Responses to Thyroid Hormone
Best known effect is stimulation of metabolic rate in nearly every
kind of cell. Since oxidative metabolism generates heat, this is
called the calorigenic effect.
Thyroid hormone was used to promote weight loss for awhile
(because of the calorigenic effect), but has some nasty side effects
(we’ll get to them) that ended that.
Effects of high levels of thyroid hormone are catabolic (promote
burning of protein, fat and glycogen), but protein synthesis and
glycogen synthesis won’t happen in total absence of thyroid
hormone. This is called a permissive effect – thyroid hormone
doesn’t promote protein synthesis, but it permits it to occur.
Hyperthyroidism results in depletion of fat, glycogen and protein.
This, in turn, results in muscle weakness.
Thyroid hormone also causes increased numbers of receptors for
catecholamines (sympathetic transmitters). This makes the person
more sensitive to sympathetic stimulation, and is called the
sympathomimetic effect. Thus, thyroid hormone increases heart
rate, stroke volume, arterial pressure, peripheral resistance.

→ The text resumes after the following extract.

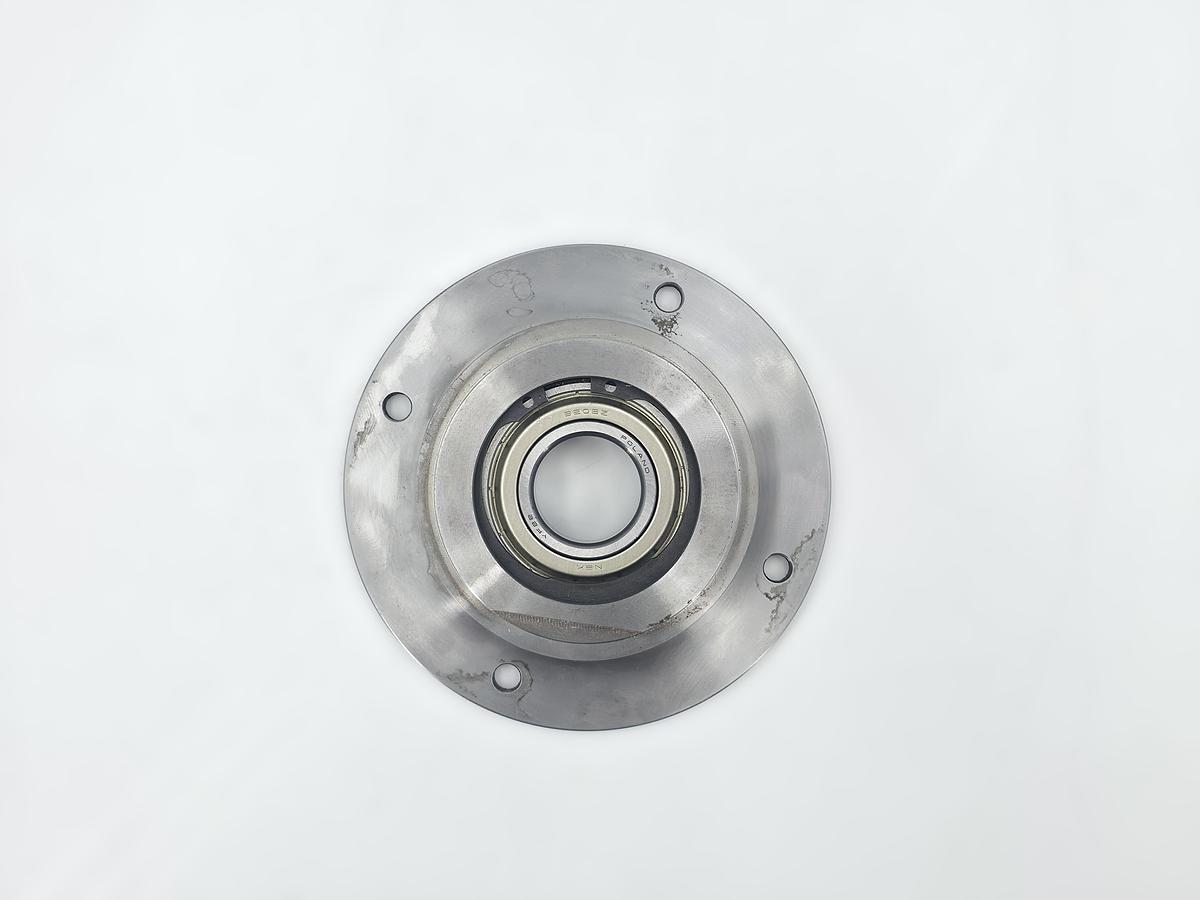Gebraucht KOLBUS Flansch 12556335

Growth hormone effects on growth require that some thyroid
hormone is present. Therefore, hypothyroidism in children results
in depressed growth.
Thyroid hormone is also essential to development of CNS in
children and to normal CNS function in adults.

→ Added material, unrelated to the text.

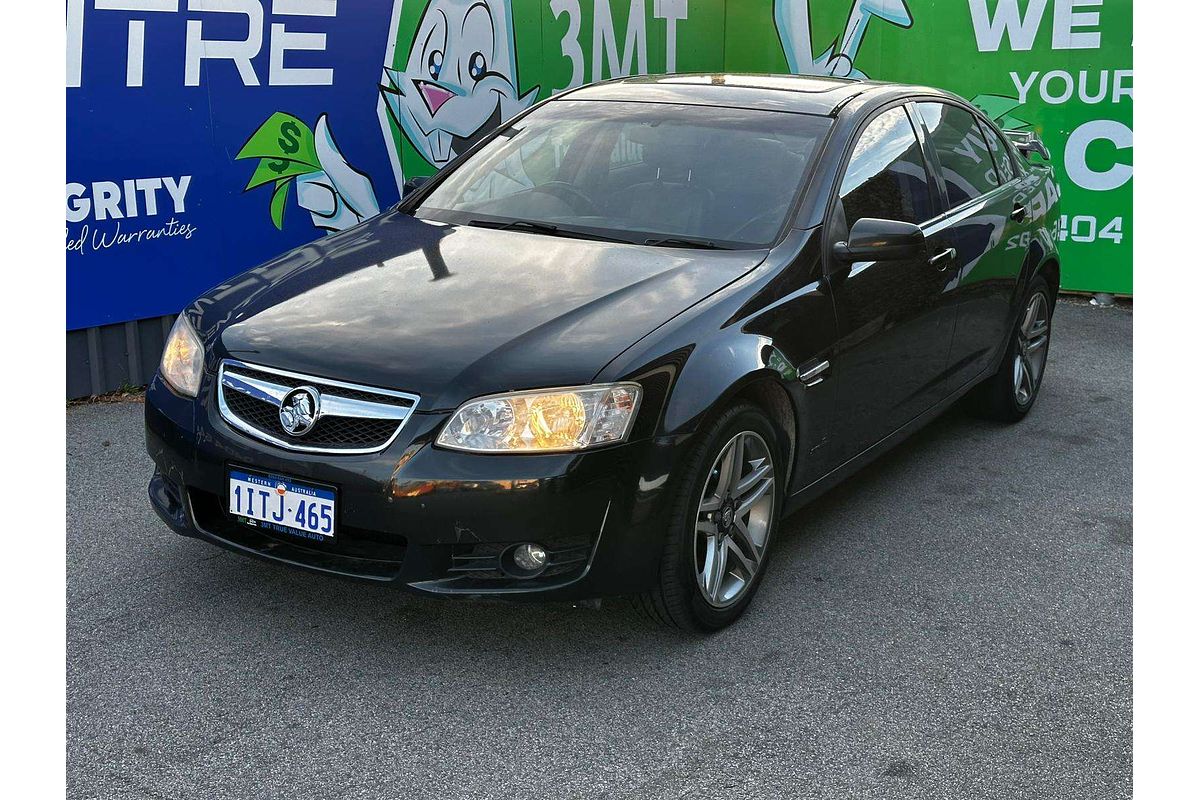 2011 Holden Berlina VE Series II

Control of Thyroid Secretion
Major regulator is TSH. Nearly all follicle cell activities
are stimulated by TSH. Therefore, hypersecretion of TSH
causes thyroid hypertrophy; hyposecretion causes
thyroid atrophy.
Thyroid hormone exerts negative feedback inhibition of
TSH secretion, which is how thyroid hormone levels are
regulated in short term.
Hypothalamic TRH determines the set point for the
TSH/thyroid hormone negative feedback loop, controlling
thyroid hormone levels over the long term. There are
also neural influences via the hyopthalamus.
Hypothyroidism
Can result from:
Follicle cell defect in T3 and T4 synthesis/secretion
Hypothalamic defect in TRH synthesis/secretion
Anterior lobe of pituitary defect in TSH synthesis/secretion
Dietary iodine deficiency – very rare in USA because salt is
iodized; very rare with significant seafood in the diet
Symptoms:
Low BMR -> weight gain, poor cold tolerance
Loss of sympathomimetic effect -> fatigue, low cardiac output,
mental sluggishness
Prominent edema in skin (myxedema in adults). Cause unknown
Cretinism if newborn is hypothyroid and untreated for the first
few months. Growth and CNS development are suppressed,
cretins (unlike pituitary dwarfs) are profoundly retarded.
Hyperthyroidism
Usually results from production of an antibody that interacts with
TSH receptor (Grave’s Disease). Effects mimic those of TSH.
Symptoms:
Elevated BMR -> loss of weight and reduced muscle mass
( ->muscle weakness)
Elevated sympathomimetic effect -> elevated heart rate,
hypertension
Nervous system activation -> irritability, anxiety, reduced
emotional control
Exophthalmos (only in Grave’s disease). Fluid accumulates
behind eyeballs. Doesn’t occur in other forms of
hyperthyroidism.
Goiter
Goiter = enlarged thyroid. Obviously, indicates thyroid problem.
Goiter can occur in some kinds of hyperthyroidism AND in some
kinds of hypothyroidism.
Any hyperstimulation of thyroid gland -> goiter
Hypersecretion of TSH or of TRH -> goiter in hyperthyroidism
Iodine deficiency (can’t make thyroid hormone, so there’s no
negative feedback inhibition of TSH secretion) -> goiter in
hypothyroidism.
Thyroid hormone secreting tumor doesn’t result in goiter.